Only one stretch of the data below is wanted: the lines from the one with "Field with flowers" through the one with "Lot de 2 cadenas", repeated exactly.
--
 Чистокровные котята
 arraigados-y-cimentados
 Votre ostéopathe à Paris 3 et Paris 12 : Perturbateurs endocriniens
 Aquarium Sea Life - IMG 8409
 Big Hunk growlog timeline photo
--
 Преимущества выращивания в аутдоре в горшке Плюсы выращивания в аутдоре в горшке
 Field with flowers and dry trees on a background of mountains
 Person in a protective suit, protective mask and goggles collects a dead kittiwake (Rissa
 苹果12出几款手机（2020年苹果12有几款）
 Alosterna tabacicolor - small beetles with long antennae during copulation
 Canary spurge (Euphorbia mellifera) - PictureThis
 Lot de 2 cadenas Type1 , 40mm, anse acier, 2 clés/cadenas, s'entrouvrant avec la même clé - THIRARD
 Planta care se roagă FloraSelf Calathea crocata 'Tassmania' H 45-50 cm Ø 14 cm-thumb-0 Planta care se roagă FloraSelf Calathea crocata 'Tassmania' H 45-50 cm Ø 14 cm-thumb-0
--
* _COMPLETED EXERCISE_:
 Field with flowers and dry trees on a background of mountains
 Person in a protective suit, protective mask and goggles collects a dead kittiwake (Rissa
 苹果12出几款手机（2020年苹果12有几款）
 Alosterna tabacicolor - small beetles with long antennae during copulation
 Canary spurge (Euphorbia mellifera) - PictureThis
 Lot de 2 cadenas Type1 , 40mm, anse acier, 2 clés/cadenas, s'entrouvrant avec la même clé - THIRARD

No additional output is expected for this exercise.